In my initial line there was a 250lb old woman in a tuxedo shirt and pants, sans bra, with no visible feet. What was visible, however, through her sweat soaked formal wear, were her pendulous breasts: cavorting like deflated twin manatees wrestling for food. I tried to ignore her, and them, but they rustled and whispered against the fabric like a double endowed Kuato. I feared their secrets enough I broke my cardinal rule and switched grocery lines midstream. Karma frowned upon me.
At the front of the secondary express line was a forty something woman buying eight huge, custom decorated, cakes. Apparently she had negotiated some side deal with the baker and felt the need to relate the entirely of their conversation verbatim to the cashier…despite the fact the agreed upon price was stamped on the top of each box. I’m not sure if her goal was to impress us with her haggling savvy, or assuage her intense loneliness, but much time was consumed in the process. She then produced a wad of confederate money, two different kinds of cheques, and an expired credit card before relenting and paying in Canadian currency.

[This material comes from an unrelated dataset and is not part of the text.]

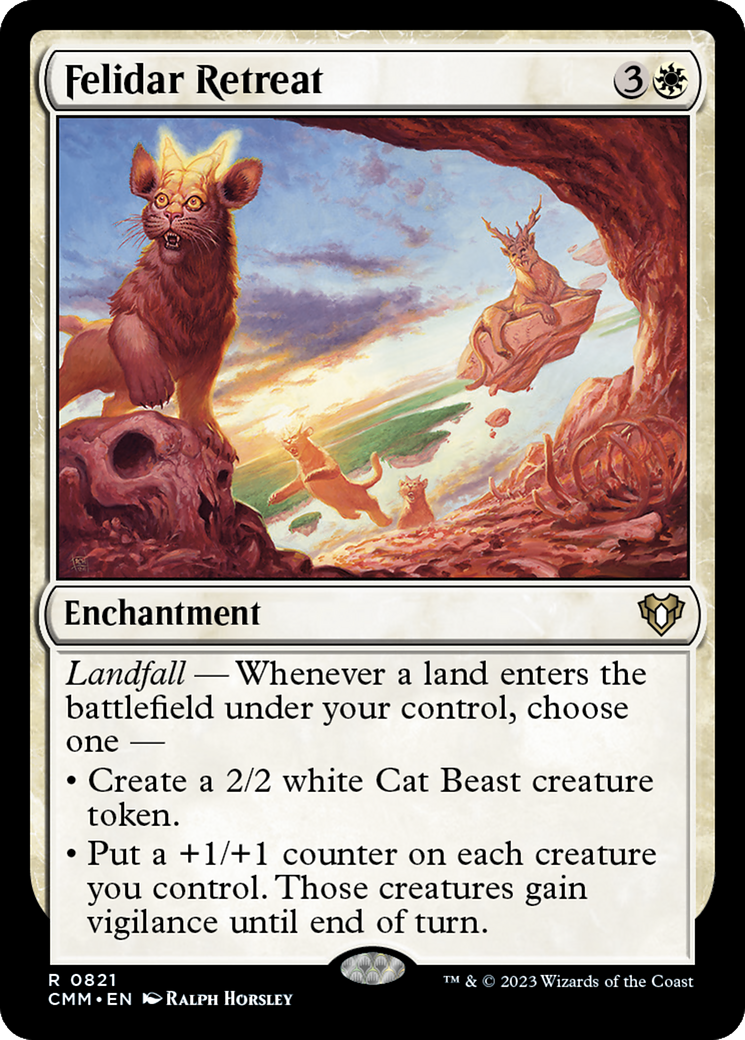 Felidar Retreat [Commander Masters] | Shuffle n Cut Hobbies & Games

Next in line, directly in front of me, was a palsied old man purchasing six tins of cat food. He placed each one on the conveyor with the deliberation of a chess grandmaster; occasionally stopping entirely to remember where the hell he was. He then attempted to remove the necessary change: the first attempt was so lingering, and involved so much pocket jiggling, I half suspected he was trying to barter public self release for wet cat food. The second and third attempts were even less successful. I considered reaching into his pocket to retrieve the change for him, but feared he may have cut the fabric out entirely in a cagey gambit for illicit human contact.
Eventually he paid and I was able breeze through my turn. Though I lament the trauma of that day I know it was not undeserved: never switch lines. Ever.